LeetCode 1303 - Find the Team Size

Difficulty: 🟢 Easy
Topics: Database

Solution

Problem Understanding

This problem provides a database table named Employee, where every row represents a single employee and the team they belong to. The table contains two columns:

Column	Meaning
`employee_id`	Unique identifier for an employee
`team_id`	Identifier of the team the employee belongs to

The task is to compute the size of each employee's team. In other words, for every employee, we need to determine how many employees share the same team_id.

The output should contain:

Column	Meaning
`employee_id`	The employee's ID
`team_size`	Number of employees in that employee's team

The result may be returned in any order, which means we do not need to sort the output unless explicitly required.
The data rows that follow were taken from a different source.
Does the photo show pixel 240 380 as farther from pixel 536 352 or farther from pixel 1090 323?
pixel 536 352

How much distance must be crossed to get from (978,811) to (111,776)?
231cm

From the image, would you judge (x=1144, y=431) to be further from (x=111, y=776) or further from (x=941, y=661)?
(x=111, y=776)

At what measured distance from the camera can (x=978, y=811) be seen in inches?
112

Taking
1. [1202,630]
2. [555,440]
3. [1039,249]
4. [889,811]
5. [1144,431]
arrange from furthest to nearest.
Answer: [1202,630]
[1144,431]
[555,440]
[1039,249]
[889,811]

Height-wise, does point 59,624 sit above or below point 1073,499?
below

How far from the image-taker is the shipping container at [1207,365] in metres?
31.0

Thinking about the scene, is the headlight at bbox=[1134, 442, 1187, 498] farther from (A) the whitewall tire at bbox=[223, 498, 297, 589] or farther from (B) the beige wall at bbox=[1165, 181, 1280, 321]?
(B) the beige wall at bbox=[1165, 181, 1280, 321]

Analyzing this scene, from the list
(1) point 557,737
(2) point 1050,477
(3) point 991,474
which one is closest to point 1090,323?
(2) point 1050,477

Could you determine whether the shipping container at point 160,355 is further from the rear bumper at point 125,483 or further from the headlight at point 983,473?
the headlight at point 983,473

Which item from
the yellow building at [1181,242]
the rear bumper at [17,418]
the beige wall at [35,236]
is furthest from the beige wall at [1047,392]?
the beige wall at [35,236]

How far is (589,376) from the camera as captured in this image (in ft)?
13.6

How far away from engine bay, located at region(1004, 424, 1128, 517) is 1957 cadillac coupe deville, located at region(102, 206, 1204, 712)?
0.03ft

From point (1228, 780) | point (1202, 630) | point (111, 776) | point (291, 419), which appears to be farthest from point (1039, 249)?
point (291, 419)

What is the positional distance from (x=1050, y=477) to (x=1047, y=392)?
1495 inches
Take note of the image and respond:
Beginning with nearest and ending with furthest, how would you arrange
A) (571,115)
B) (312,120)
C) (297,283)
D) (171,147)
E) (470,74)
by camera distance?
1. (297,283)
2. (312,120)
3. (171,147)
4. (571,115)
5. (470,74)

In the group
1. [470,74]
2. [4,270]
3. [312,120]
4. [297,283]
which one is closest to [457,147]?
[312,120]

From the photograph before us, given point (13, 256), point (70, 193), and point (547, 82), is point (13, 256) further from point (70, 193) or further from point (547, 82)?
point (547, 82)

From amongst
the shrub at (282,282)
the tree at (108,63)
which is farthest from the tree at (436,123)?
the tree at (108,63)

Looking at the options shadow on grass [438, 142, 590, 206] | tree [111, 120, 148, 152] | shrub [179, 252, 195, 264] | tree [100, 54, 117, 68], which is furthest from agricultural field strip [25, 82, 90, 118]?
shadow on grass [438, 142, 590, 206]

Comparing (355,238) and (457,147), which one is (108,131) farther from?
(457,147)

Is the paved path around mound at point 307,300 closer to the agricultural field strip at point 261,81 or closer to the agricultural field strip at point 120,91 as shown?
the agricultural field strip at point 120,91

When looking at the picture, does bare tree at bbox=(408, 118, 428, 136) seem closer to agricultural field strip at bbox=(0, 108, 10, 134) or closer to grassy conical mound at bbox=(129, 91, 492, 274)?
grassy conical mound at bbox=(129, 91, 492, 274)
The important observation is that the same team_id can appear multiple times, once for each employee in that team. Therefore, the problem essentially asks us to count the frequency of every team_id and then associate that count with each employee.
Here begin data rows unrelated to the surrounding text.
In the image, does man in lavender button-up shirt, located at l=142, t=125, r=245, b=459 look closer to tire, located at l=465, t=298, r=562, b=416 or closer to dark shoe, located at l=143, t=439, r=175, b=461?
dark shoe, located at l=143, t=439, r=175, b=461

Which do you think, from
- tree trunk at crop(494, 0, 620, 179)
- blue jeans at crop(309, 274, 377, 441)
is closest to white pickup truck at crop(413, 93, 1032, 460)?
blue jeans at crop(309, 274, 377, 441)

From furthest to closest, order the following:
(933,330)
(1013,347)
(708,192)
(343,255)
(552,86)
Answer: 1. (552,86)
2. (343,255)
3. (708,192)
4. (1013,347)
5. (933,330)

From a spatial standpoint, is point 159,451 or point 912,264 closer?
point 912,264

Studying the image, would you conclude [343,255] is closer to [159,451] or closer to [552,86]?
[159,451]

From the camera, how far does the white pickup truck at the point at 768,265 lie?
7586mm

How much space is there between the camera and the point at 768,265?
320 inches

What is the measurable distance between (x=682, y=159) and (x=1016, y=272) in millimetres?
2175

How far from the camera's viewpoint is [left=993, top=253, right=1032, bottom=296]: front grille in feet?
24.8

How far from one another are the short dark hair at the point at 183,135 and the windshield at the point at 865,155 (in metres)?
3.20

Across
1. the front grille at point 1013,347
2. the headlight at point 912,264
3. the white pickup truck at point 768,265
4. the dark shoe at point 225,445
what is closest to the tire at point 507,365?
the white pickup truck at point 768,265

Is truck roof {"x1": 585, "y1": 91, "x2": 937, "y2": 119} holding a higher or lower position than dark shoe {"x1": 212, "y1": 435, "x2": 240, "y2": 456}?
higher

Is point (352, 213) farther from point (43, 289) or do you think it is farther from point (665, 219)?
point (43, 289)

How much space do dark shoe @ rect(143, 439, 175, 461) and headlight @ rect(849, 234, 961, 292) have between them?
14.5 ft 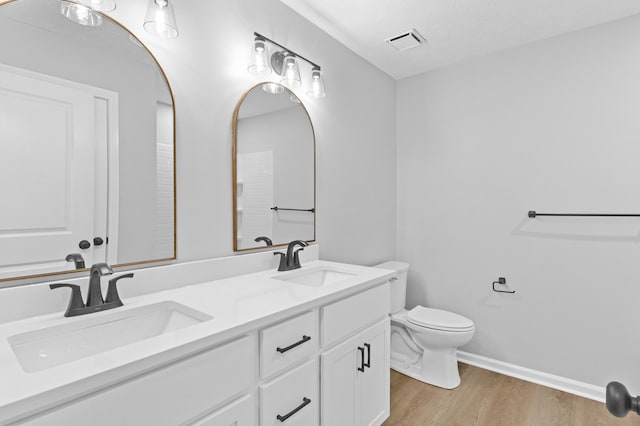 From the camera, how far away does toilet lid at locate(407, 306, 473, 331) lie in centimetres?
219

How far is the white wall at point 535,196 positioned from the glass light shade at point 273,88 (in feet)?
4.71

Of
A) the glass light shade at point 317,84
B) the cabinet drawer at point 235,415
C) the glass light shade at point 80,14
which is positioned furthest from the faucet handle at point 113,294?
the glass light shade at point 317,84

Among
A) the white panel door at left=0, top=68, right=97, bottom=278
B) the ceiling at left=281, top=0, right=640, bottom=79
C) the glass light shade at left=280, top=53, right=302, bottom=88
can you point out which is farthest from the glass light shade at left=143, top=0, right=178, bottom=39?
the ceiling at left=281, top=0, right=640, bottom=79

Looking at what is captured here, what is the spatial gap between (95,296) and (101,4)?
0.97 metres

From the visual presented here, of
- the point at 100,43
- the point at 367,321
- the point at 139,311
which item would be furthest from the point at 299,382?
the point at 100,43

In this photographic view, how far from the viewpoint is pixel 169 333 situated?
853mm

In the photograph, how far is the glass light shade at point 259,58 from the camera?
1658 millimetres

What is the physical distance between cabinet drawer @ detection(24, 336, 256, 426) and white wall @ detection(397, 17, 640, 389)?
212cm

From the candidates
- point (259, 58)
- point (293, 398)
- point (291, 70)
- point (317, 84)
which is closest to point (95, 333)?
point (293, 398)

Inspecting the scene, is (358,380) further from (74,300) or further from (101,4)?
(101,4)

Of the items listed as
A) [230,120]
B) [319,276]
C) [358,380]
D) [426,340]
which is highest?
[230,120]

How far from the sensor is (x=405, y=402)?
6.77ft

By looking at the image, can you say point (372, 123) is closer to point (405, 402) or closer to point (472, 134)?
point (472, 134)

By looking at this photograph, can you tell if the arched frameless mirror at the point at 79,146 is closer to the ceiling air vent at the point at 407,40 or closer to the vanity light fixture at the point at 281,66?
the vanity light fixture at the point at 281,66
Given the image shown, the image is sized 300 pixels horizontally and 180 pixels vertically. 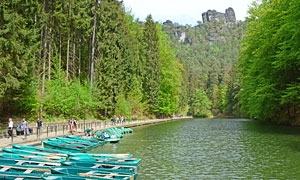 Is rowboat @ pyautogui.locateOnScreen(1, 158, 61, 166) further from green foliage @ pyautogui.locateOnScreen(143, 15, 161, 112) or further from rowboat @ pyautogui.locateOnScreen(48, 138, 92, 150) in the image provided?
green foliage @ pyautogui.locateOnScreen(143, 15, 161, 112)

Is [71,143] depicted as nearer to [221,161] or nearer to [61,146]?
[61,146]

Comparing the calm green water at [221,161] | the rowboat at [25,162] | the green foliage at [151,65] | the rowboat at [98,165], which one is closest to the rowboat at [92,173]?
the rowboat at [98,165]

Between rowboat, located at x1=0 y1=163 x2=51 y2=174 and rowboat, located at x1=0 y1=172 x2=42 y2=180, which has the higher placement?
rowboat, located at x1=0 y1=163 x2=51 y2=174

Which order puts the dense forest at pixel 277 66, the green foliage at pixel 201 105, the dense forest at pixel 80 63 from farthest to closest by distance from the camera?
the green foliage at pixel 201 105 → the dense forest at pixel 277 66 → the dense forest at pixel 80 63

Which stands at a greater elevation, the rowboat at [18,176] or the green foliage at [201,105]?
the green foliage at [201,105]

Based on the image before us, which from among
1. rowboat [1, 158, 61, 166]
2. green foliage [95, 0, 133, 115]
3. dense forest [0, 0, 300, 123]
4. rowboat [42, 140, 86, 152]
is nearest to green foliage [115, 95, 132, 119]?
dense forest [0, 0, 300, 123]

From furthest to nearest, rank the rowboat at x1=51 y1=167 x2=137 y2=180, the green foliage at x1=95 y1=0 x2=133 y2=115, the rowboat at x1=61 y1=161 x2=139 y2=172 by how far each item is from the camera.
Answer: the green foliage at x1=95 y1=0 x2=133 y2=115, the rowboat at x1=61 y1=161 x2=139 y2=172, the rowboat at x1=51 y1=167 x2=137 y2=180

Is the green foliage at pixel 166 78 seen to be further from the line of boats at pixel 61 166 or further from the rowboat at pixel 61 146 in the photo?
the line of boats at pixel 61 166

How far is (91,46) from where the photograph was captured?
56406 mm

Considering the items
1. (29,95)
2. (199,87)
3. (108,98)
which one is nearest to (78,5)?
(108,98)

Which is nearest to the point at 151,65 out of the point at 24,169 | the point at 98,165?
the point at 98,165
Because employee_id is guaranteed to be unique, we never need to worry about duplicate employee rows. The problem also guarantees that every employee belongs to exactly one team.
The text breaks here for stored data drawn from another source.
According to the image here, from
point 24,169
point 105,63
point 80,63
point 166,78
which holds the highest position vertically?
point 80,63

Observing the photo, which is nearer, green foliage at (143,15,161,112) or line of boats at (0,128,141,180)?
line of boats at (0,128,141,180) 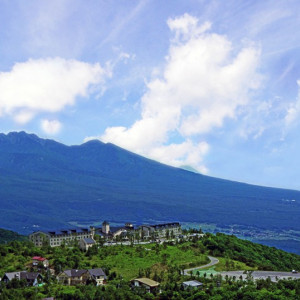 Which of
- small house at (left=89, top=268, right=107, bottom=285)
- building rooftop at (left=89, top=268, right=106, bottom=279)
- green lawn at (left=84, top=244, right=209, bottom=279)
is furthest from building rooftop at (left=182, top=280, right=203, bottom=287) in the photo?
building rooftop at (left=89, top=268, right=106, bottom=279)

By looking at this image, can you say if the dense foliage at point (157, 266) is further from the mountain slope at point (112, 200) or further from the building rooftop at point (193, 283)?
the mountain slope at point (112, 200)

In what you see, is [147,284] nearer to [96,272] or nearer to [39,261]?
[96,272]

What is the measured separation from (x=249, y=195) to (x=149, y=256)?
146m

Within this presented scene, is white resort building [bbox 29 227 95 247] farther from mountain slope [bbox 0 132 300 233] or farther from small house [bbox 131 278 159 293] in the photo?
mountain slope [bbox 0 132 300 233]

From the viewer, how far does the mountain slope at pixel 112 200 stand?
401 feet

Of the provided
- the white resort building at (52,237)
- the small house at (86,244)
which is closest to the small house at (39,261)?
the small house at (86,244)

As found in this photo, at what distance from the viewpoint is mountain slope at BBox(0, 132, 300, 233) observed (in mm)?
122312

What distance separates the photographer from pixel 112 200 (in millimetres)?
144375

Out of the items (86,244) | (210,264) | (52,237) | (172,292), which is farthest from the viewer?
(52,237)

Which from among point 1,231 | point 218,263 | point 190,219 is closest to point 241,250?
point 218,263

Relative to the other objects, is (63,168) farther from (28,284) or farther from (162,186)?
(28,284)

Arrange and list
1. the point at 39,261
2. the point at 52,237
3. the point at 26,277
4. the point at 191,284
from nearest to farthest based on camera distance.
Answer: the point at 191,284
the point at 26,277
the point at 39,261
the point at 52,237

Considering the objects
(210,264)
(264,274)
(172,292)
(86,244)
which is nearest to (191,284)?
(172,292)

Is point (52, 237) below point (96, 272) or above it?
above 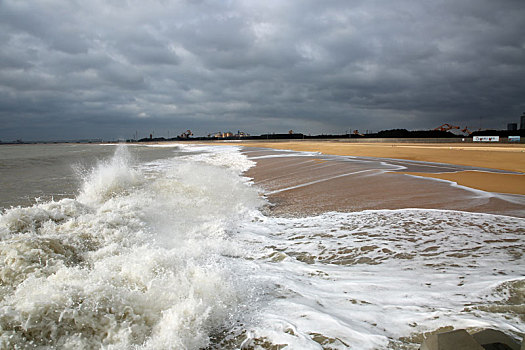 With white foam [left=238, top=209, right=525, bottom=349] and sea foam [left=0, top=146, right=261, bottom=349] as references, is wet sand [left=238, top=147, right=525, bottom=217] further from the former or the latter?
sea foam [left=0, top=146, right=261, bottom=349]

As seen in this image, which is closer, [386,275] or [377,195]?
[386,275]

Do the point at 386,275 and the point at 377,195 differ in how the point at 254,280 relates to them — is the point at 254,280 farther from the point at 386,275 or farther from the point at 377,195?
the point at 377,195

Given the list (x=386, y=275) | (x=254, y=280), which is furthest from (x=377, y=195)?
(x=254, y=280)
An important edge case is a team with only one employee. In that situation, the team size should be 1. Another important case is when all employees belong to the same team, which means every employee receives the same large count. A naive implementation that repeatedly scans the table for each employee could become inefficient for large datasets.

Since this is a database problem, the intended solution is typically written in SQL using aggregation and joins.

Approaches

Brute Force Approach

The brute force solution checks every employee individually and counts how many employees share the same team_id.

For each row in the table:

Read the employee's team_id
Scan the entire table again
Count how many rows have the same team_id
Output that count as the employee's team size

This approach is correct because it directly computes the exact number of employees belonging to the same team for every employee.

However, it is inefficient because for every employee we perform another full scan of the table. If there are n employees, then each of the n rows requires an O(n) scan, resulting in O(n²) time complexity.

Optimal Approach

The key insight is that many employees share the same team_id, so repeatedly counting the same team is wasteful.

Instead, we can compute the size of each team once using GROUP BY. After obtaining a mapping from team_id to team size, we join that result back to the original table so every employee receives the corresponding count.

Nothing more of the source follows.